Le bus nous laisse à la nuit tombante sur la grand-place de Remedios. L'hôtel est à un pas. Remedios n'est pas à proprement parler un site touristique, mais c'est une ville de fondation très ancienne, et le choeur baroque de son église - une profusion de saints et d'anges dorés - est un remarquable spécimen de la Contre-Réforme hispano-américaine. Le petit hôtel vient d'être refait à neuf, il est charmant et pas cher. Le personnel est jeune. Manifestement passé par une école d'hôtellerie. Ces jeunes gens stylés de nouveaux hôtels, qui parlent anglais, ne ressemblent en rien aux employés des administrations dont la moyenne est beaucoup plus âgée et la manière plus décontractée... En décidant il y a dix ans de former massivement des techniciens du tourisme, on les a tous fait passer dans un moule unique, et ils s'appliquent à ne pas en sortir. Travailler dans le tourisme, c'est mériter la confiance de la révolution. Et avoir accès, si peu que ce soit, au monde du dollar.

Samedi soir. Une ville de province à la vie apparemment tranquille et réglée. La place coloniale, avec ses arcades, son square et sa gloriette, son cercle de la Tertulia (ce mot espagnol qui désigne à la fois réunion et agréable conversation). Son siège du Pouvoir populaire. Je suppose que, comme partout, la loge maçonnique n'est pas loin. Les vieux sont sur les bancs, les jeunes tournent autour de la place, les petites filles sont parées comme des poupées et, bien sûr, dans les rues alentour, les garçons jouent au base-ball.

Brouhaha des voix qui s'interpellent dans un espagnol chantant et coloré, bouffées de musique. Presque pas de moteurs, des vélos silencieux et des voitures à cheval dont les sabots résonnent gaiement. Depuis le début de la " période spéciale ", le régime a simultanément introduit dans l'île la bicyclette, qui y était inconnue (ce n'est pas une sinécure de pédaler sous les tropiques), achetée d'abord par millions de pièces détachées en Chine, et le cheval de trait, une race petite et robuste, qui est le mode de transport le plus courant dans les villes de province. Sans oublier la réhabilitation des boeufs là où l'agriculture est moins extensive. Les voiturins sur pneus peuvent charger six à huit personnes sur deux bancs face à face et remplacent en grande partie les autobus.

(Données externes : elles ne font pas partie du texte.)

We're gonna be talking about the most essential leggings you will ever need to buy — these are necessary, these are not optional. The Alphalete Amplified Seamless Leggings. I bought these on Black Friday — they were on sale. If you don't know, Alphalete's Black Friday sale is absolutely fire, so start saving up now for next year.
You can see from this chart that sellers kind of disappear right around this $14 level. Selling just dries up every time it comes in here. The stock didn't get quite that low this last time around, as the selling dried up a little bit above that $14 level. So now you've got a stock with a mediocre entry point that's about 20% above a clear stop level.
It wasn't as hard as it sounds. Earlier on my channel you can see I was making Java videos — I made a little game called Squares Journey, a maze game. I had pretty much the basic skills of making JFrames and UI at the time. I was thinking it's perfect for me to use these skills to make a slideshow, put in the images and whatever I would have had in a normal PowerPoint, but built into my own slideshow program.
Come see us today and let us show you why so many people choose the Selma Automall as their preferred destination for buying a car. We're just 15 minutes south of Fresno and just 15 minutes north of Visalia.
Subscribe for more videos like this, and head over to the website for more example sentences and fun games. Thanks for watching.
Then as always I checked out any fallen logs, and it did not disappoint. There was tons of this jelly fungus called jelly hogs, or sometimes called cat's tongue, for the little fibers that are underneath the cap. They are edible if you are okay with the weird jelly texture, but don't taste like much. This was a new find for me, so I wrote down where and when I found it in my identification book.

On annonce un tournoi de boxe pour les quatorze-seize ans, tandis que des adolescents se rendent en bande dans un local dont sortent des rythmes de hip-hop. Dans un coin de la place, on aménage un magasin à dollars, ce sera le cinquième. " La majorité ne peut y aller, me dit un de mes amis, mais ça fait de l'animation dans la ville. " Et ça fait de la lumière. Si l'hôtel a l'électricité en permanence, un quartier sur deux en est alternativement privé. A la périphérie, toujours les petits immeubles des années 60, dont les plaques de ciment se détachent. Entre eux, comme nous en verrons partout, de minces rangs de terre contenue par deux petits murs en ciment, qui portent les cultures destinées à l'alimentation familiale des habitants.

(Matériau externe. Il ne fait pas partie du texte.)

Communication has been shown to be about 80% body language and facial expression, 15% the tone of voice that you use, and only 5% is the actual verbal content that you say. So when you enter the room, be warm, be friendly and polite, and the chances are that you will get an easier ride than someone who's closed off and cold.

Au matin, l'église est pleine : la visite du pape a permis la réouverture des églises, opération où l'ancien élève des jésuites Castro et l'ancien comédien Wojtyla semblent avoir trouvé chacun son compte. A la fin de l'office, la foule de tous âges et bien vêtue bavarde entre les statues-mannequins des saints et les affiches contre l'avortement. Toujours la même insouciance de surface, une gaieté sans éclats, une absence totale d'agressivité, qui traduisent peut-être, me dit mon compagnon de voyage, citant Elio Vittorini, " le calme plat de la non-espérance ".

On entraperçoit une société différente de celle que l'on voit et de celle que présentent les titres des journaux, les slogans. Souterraine, soudée par les préoccupations, les coutumes, les codes qu'elle a appris depuis longtemps, voire ancestralement, à garder pour elle. Une société où le double langage est à la fois jeu et nécessité. Où, depuis des siècles, la religion affichée, le catholicisme, en masque une autre, celle des rites afro-cubains de la santeria et des orishas. Une société où tout est parallèle, où l'important se passe dans la pénombre. Une pénombre comme celle que traversent, le soir, ces gens qui vont silencieusement de porte en porte et qui, me prenant pour un des leurs, me présentent dans le creux de la main quelques grains de riz, quelques grains de café, spécimens de ce qu'ils ont à vendre et qui manque cruellement en quantité nécessaire dans les foyers. Que sais-je vraiment de cela, moi à qui nos amis ont offert un vrai dîner, avec du poulet, de l' arroz congri et des ajis, même si j'ai remarqué que la maîtresse de maison a soigneusement évité de se servir...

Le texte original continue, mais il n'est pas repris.